In 40 years watching football I’ve travelled to numerous World Cups and international tournaments, including a memorable month spent in Japan watching every England game during the 2002 edition.
As a child I marvelled over what is still my favourite international team, the ultimately unsuccessful but utterly joyous 1982 Brazil World Cup side. Which, as an aside, proved that you simply don’t have to win silverware to prove your greatness. And my word they were great. I can still recall that glorious litany of footballing gods, from Zico to Eder, Junior and Falcao to Socrates.
To a young, wide-eyed kid racing home from school to watch these immortals grace our national game was a delight that still lives with me to this day.
I am also still annoyed at a schoolmate who’d agreed to travel to Turin for the England v West Germany World Cup semi-final at Italia 90, only to pull out at the last minute, leaving me to sadly decide that heading to Italy alone as a raw teenager a matter of days after finishing my A levels wasn’t an option. And how I’ve idly regretted not taking the plunge in the years since.
I also savoured France – and Arsenal – lifting the 1998 World Cup, through the glorious gallic trio of Thierry Henry, Patrick Vieira and of course, scorer of the third goal in the final against a lacklustre Brazil, Manu Petit.
While TH14 remained on the bench that Paris night as an unused sub, the thrill of finally being able to answer West Ham supporting pals — who would always insist their immortal 1966 winning trio of Bobby Moore, Geoff Hurst and Martin Peters led to the Irons actually winning the World Cup – was delicious.
While a month in wonderful, intriguing, mesmerising, exciting, unknowable Japan in 2002 was incredible enough, without cheering on the likes of David Beckham et al in every game they played across that amazing country, from Saitama to Sapporo, Osaka to Niigata, to the disappointing quarter-final denouement in Shizuoka and Brazil’s Ronaldinho scoring from the halfway line.
I could go on, because, along with so many of us, I can recall numerous, unforgettable World Cup memories.

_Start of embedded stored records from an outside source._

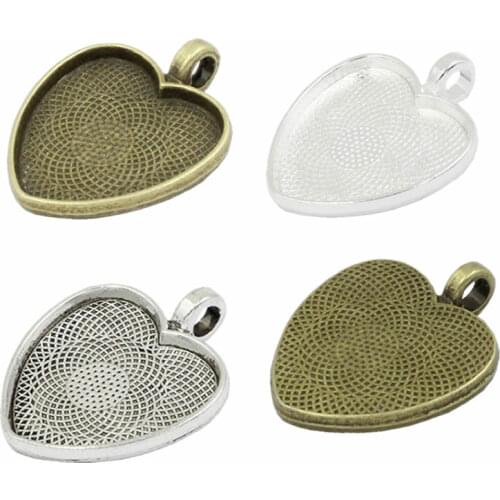 Fit 25mm Heart cabochons Tray Cameo/Glass/Cabochon Frame bezel Settings For DIY Making accessories 10pcs/lot (K05145)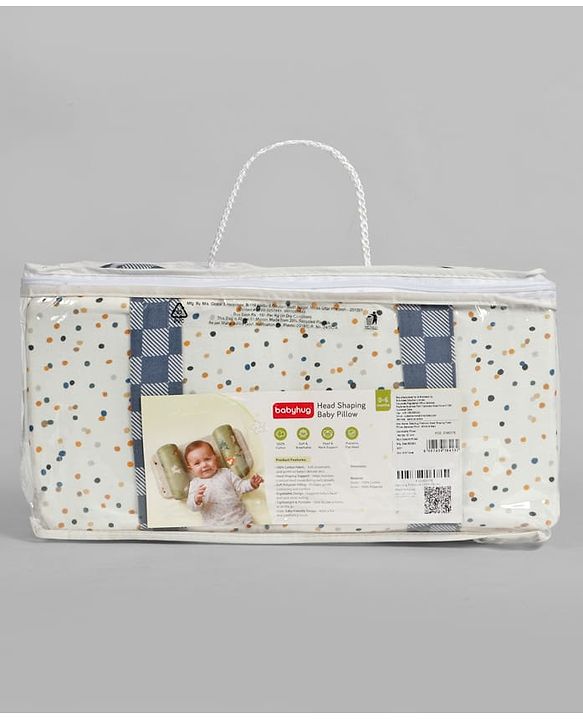 Babyhug Premium 100% Cotton Head Shaping Foam Pillow Woodland Print - Beige & Green
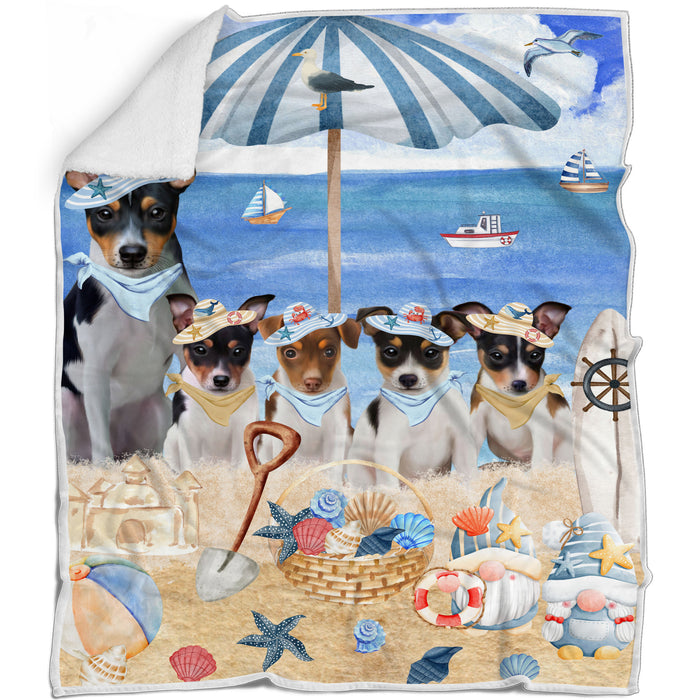 Rat Terrier Bed Blanket, Explore a Variety of Designs, Custom, Soft and Cozy, Personalized, Throw Woven, Fleece and Sherpa, Gift for Pet and Dog Lovers
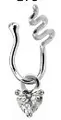 Macro detail of U-shaped silver nose clip featuring a dangling heart-cut cubic zirconia - Silver Wave Heart Pendant Style (#7)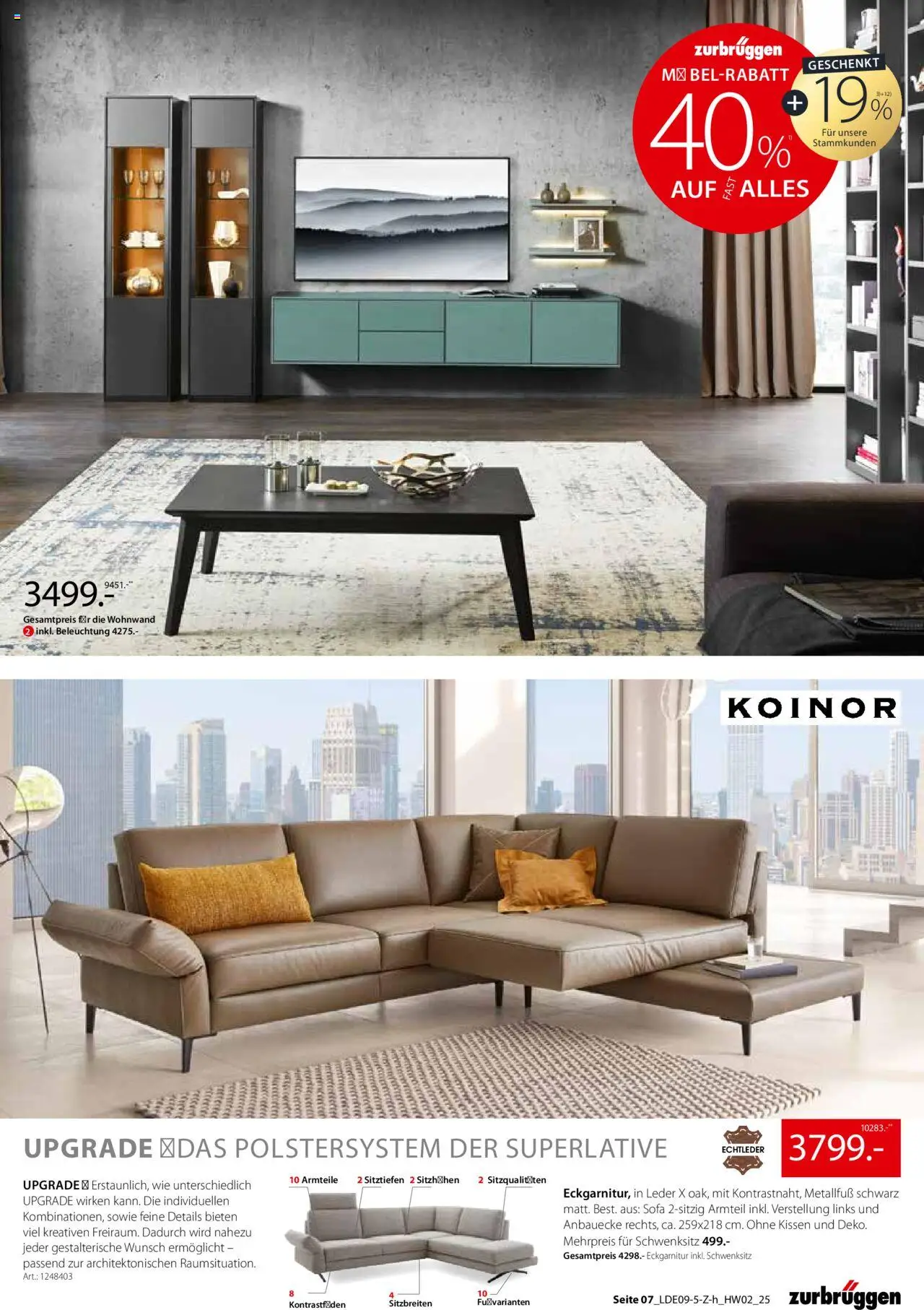 Zurbrüggen Hochwert – gültig ab 08.09.2025 | Seite: 11 | Produkte: Wohnwand, Kissen, Sofa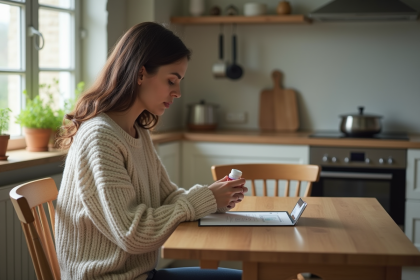 Femme lisant une étiquette de médicament dans une cuisine lumineuse
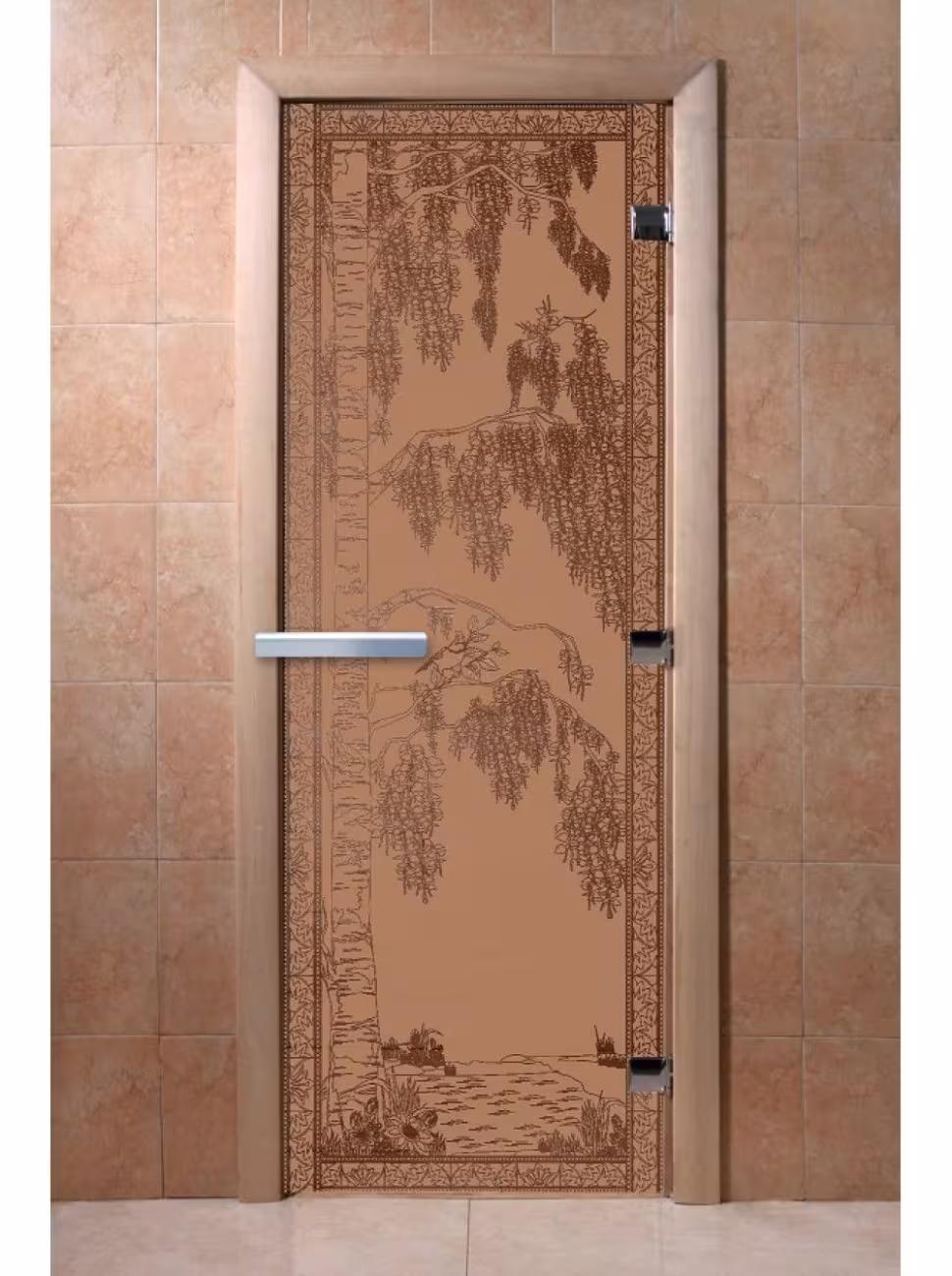 Дверь для бани и сауны Doorwood "Березка бронза матовая" 600х1800 мм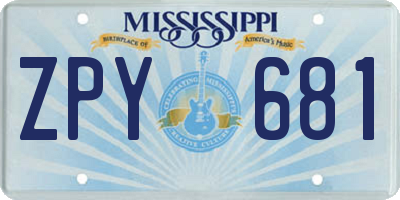 MS license plate ZPY681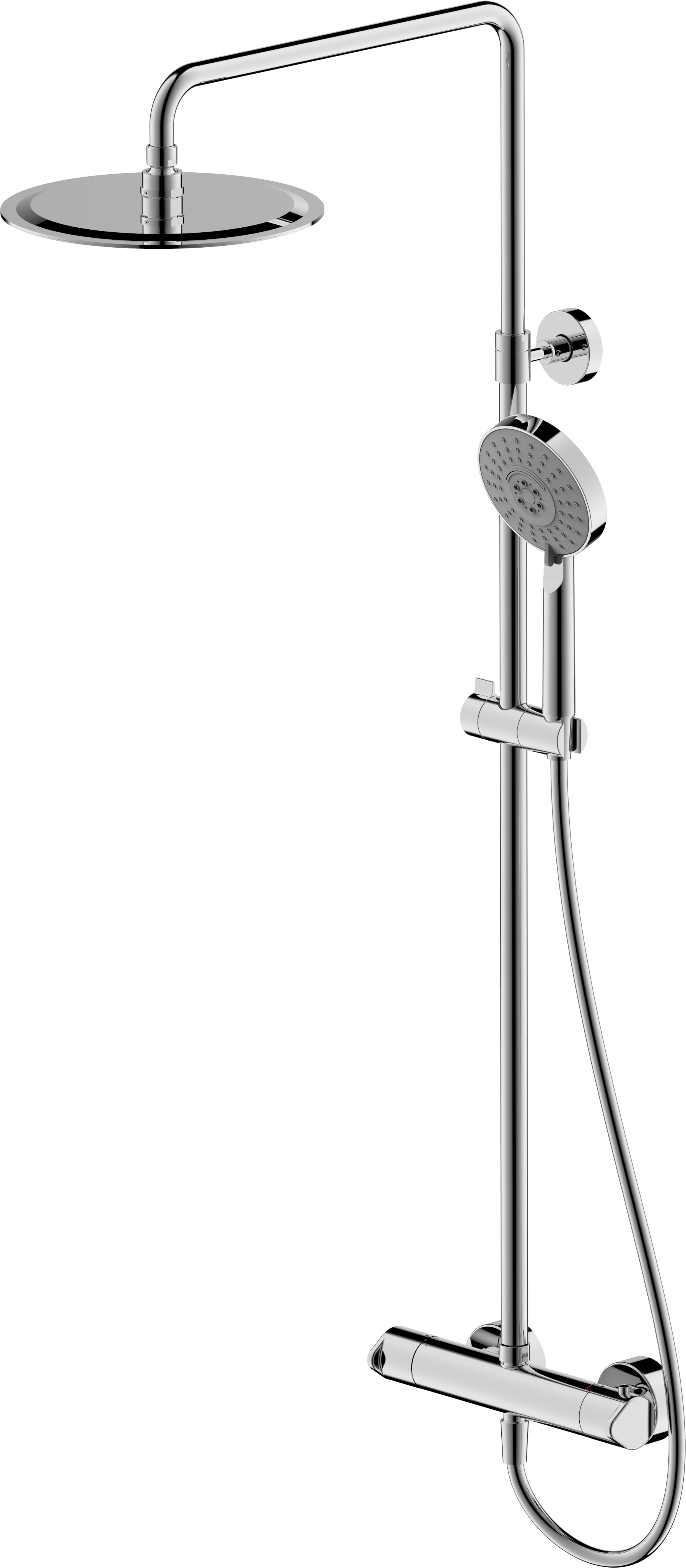 Système de douche thermostatique Bravat Round 3591502 chromé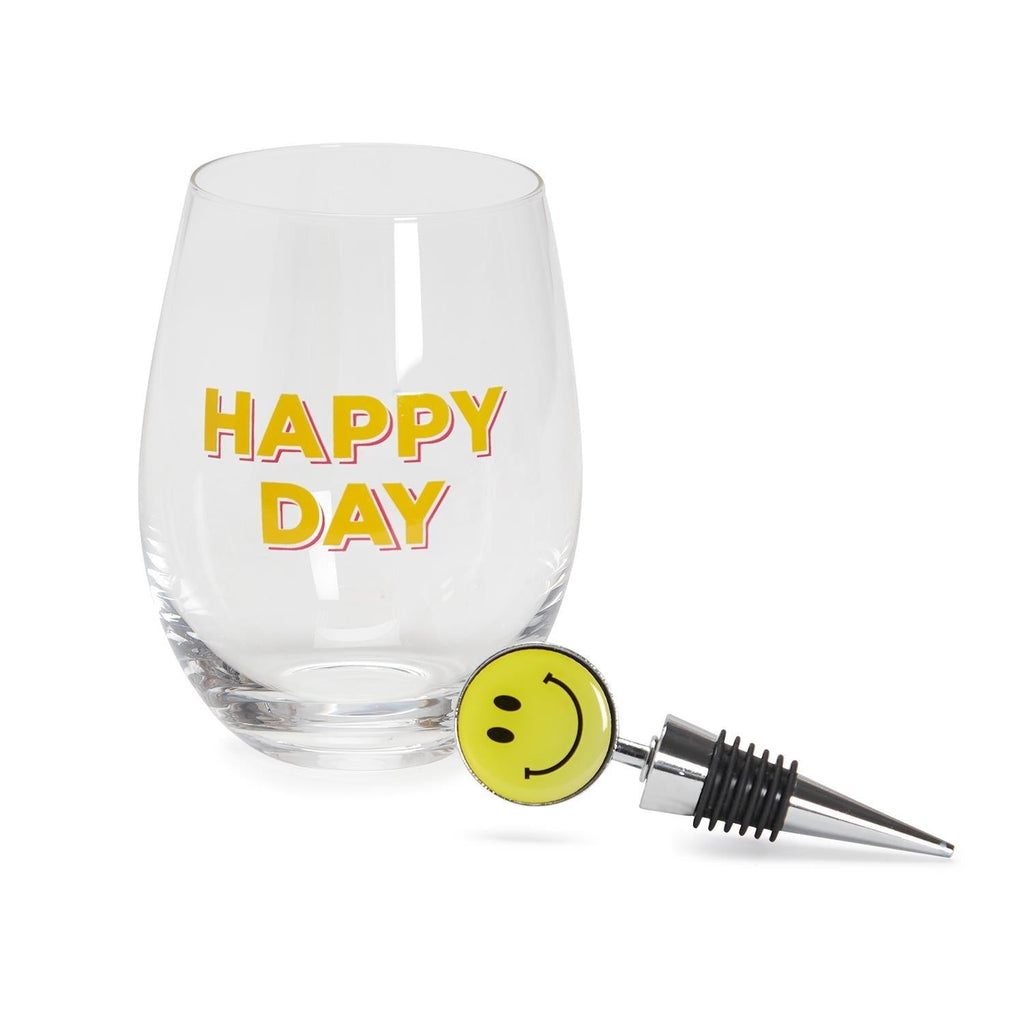 Happy Day Stemless Wine Glass with Smile Face Wine Stopper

I mention all of the above simply because I want to underline that I love the World Cup. I love watching it, I love travelling to the World Cup, I love the stories that emerge from it, the heroes and villains, the passion and the heartache.
Which is why what I’m about to say underlines just how uncomfortable the forthcoming 2022 World Cup in Qatar makes me feel.
I won’t be going to Qatar, either as a fan or a journalist.
Why?
Because Qatar 2022 is tainted. Regardless of the shady circumstances that saw the unlikely candidate emerge victorious from the pack to host the footballing jamboree, I feel deeply uneasy about giving succour to such a place.
As a person with Arabic heritage, the prospect of a Middle Eastern country hosting the biggest football tournament on the planet should have been viewed as a wonderfully enlightened decision. Except it’s not. It truly isn’t.
Not when the host country flagrantly abuses the rights of migrant workers, women and the LGBTQ+ community.
Since the 2010 award of the tournament to the state offering garish, soulless shopping malls in the desert, human rights organisations, trade unions and fellow journalists have tirelessly reported on dreadful human rights abuses.
Abuses against migrant workers, that, according to Human Rights Watch, include widespread wage theft, confiscations of passports and exorbitant recruitment fees, meaning many are in debt before they even set foot in Qatar – not to mention a raft of unexplained deaths.
Follow the money they say. So, it should come as no shock to learn that Fifa continues to praise Qatar’s reform despite ongoing human rights violations. That thousands of migrant workers have still not been paid, nor compensation allocated to the families of those workers who died in the construction of new stadia, is no shock either.
As for Fifa holding Qatar to account regarding the upholding of international women’s rights, or expecting football’s governing body to ask for concrete proof of what steps have been taken to protect the rights of LGBTQ+ residents in Qatar, don’t hold your breath either.
In fact, you’ll probably have seen Fifa take quite the opposite stance by praising the Gulf state’s so-called “reform processes” – which are anything but.
No wonder Fifa has failed to push back on repressive laws on press freedom. Not when it has also singularly failed to fulfil its own human rights obligations under UN guidelines. Not least because Qatar criminalises extramarital sex with women sometimes prosecuted if they report rape – with penalties including up to seven years in prison and public floggings.
Human Rights Watch also say that the Qatari government routinely investigates and arrests LGBTQ+ people based on their online activity. All of which means that the Qatari LGBTQ+ community faces repression long after the last visiting football fan departs.
As for press freedoms, as recently as November 2021, two Scandinavian journalists were arrested and detained for attempting to report on migrant worker abuses. Kudos to Danish FA CEO Jakob Jensen who said hours before Friday’s draw that it was the wrong decision to award Qatar hosting rights.
So, please forgive me for ignoring the next time Fifa president Gianni Infantino praises Qatar and invites the world to the 2022 World Cup. Because I certainly won’t be going to such a discredited tournament.
I’ll be too busy watching my faded highlights of Brazil’s 1982 side.